Algeria hostage 'arrives home to Ireland'

Stephen McFaul arrived back home to Northern Ireland yesterday evening, latest reports say.

THE IRISH MAN who was taken hostage at a BP oil complex in Algeria has arrived back home.

Stephen McFaul was reunited with his family yesterday, but not in Ireland, BBC News reports. The 36-year-old father of two then flew to Ireland, The Sun reports.

The Belfast man, who has dual Irish and British nationality, was one of a number of people taken hostage by Islamists connected to Al Qaeda.

His mother Marie told the Sunday Mirror that the experience was “traumatic” for her son, and that he doesn’t want to say anything publicly about the incident.

Hostages

Yesterday, British Prime Minister David Cameron confirmed that three Britons had died and another three were presumed dead in the oil plant.
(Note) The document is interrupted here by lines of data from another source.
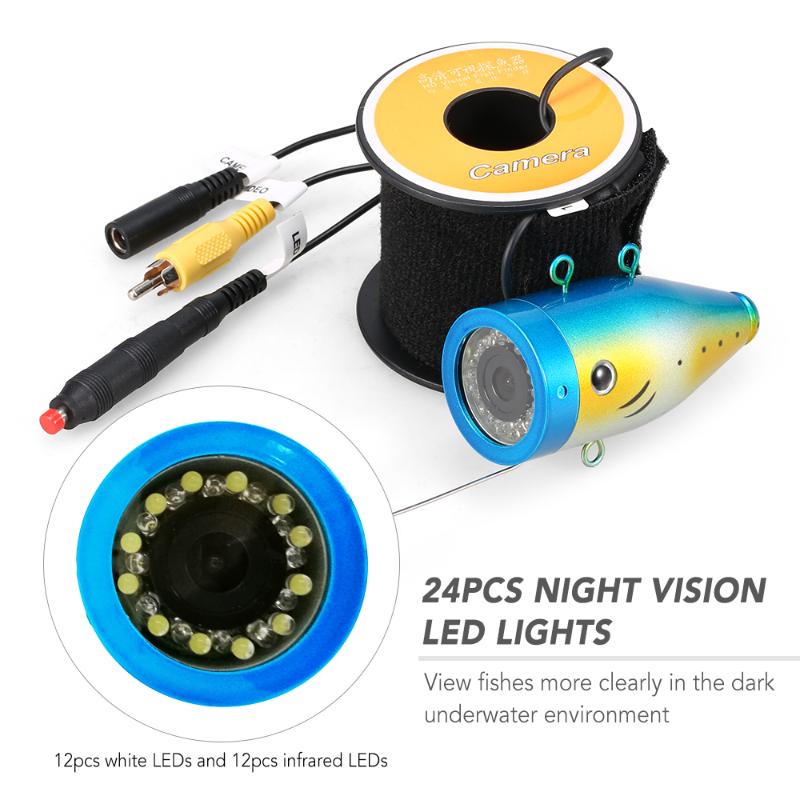 New 1200TVL Underwater Fishing Camera 24 LEDs Night Vision Waterproof Fish Shape Boat Ice Fishing Camera with 15m/30m/50m Cable
New 1200TVL Underwater Fishing Camera 24 LEDs Night Vision Waterproof Fish Shape Boat Ice Fishing Camera with 15m/30m/50m Cable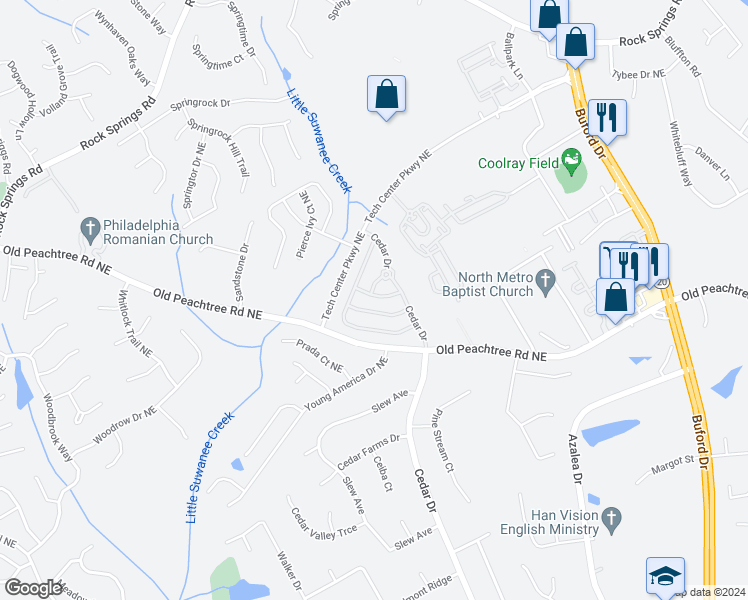 map of restaurants, bars, coffee shops, grocery stores, and more near 2427 Millbank Court in Lawrenceville
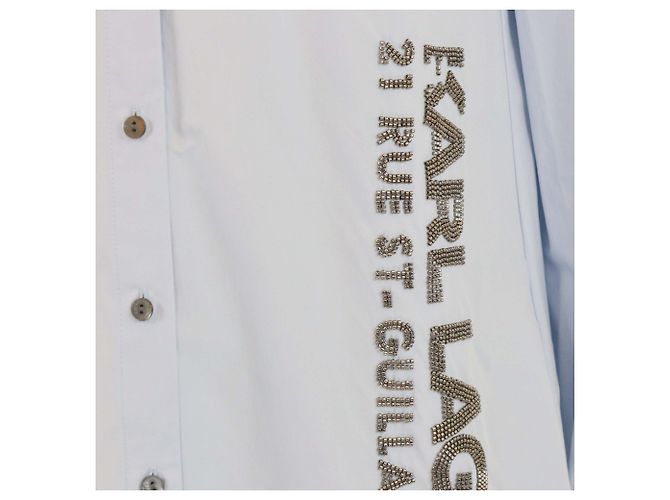 Camisa larga de popelina con logo de cuentas azul claro Karl Lagerfeld - vista 4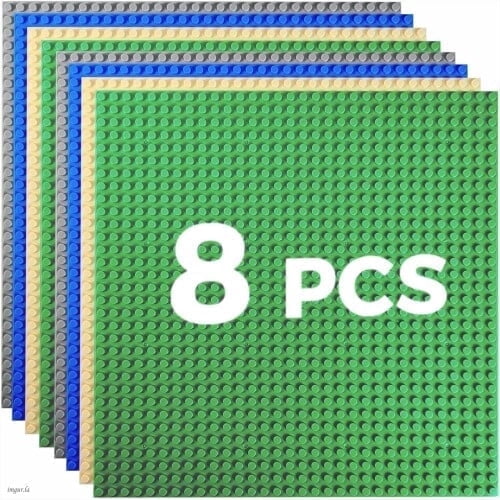 8 Pack 10 x 10 in Baseplates, 32x32 Stud Building Bases for Bricks, Blue Green Sand Gray, ABS Plastic for Creative Building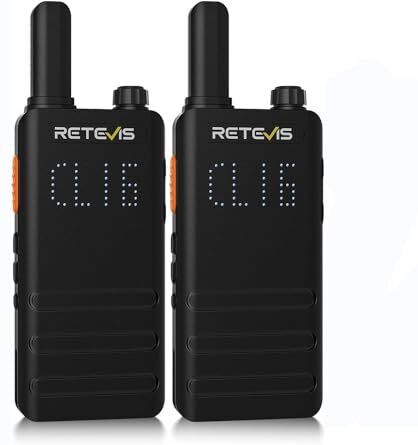 Retevis B63H Walkie Talkie, Nueva Versión de RT622P (2.0), PMR446 Walkie Talkie Profesional, LCD, Ultrafino, 1620mAh, VOX, Recargable Walkie Talkie para Camping, Familiar (2 Piezas, Negro)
Hostages from Japan, Malaysia, and the Philippines were among those as yet unaccounted for.

The death toll has reached 80, and the Masked Brigade, the group that claimed to have masterminded the takeover, warned of more such attacks against any country backing France’s military intervention in neighbouring Mali, where the French are trying to stop an advance by Islamic extremists.

Authorities said the bloody takeover was carried out Wednesday by 32 men from six countries, under the command from afar of the one-eyed Algerian bandit Moktar Belmoktar, founder of the Masked Brigade, based in Mali. The attacking force called itself “Those Who Sign in Blood.”

Armed with heavy machine guns, rocket launchers, missiles and grenades, the militants singled out foreign workers at the plant, killing some of them on the spot and attaching explosive belts to others.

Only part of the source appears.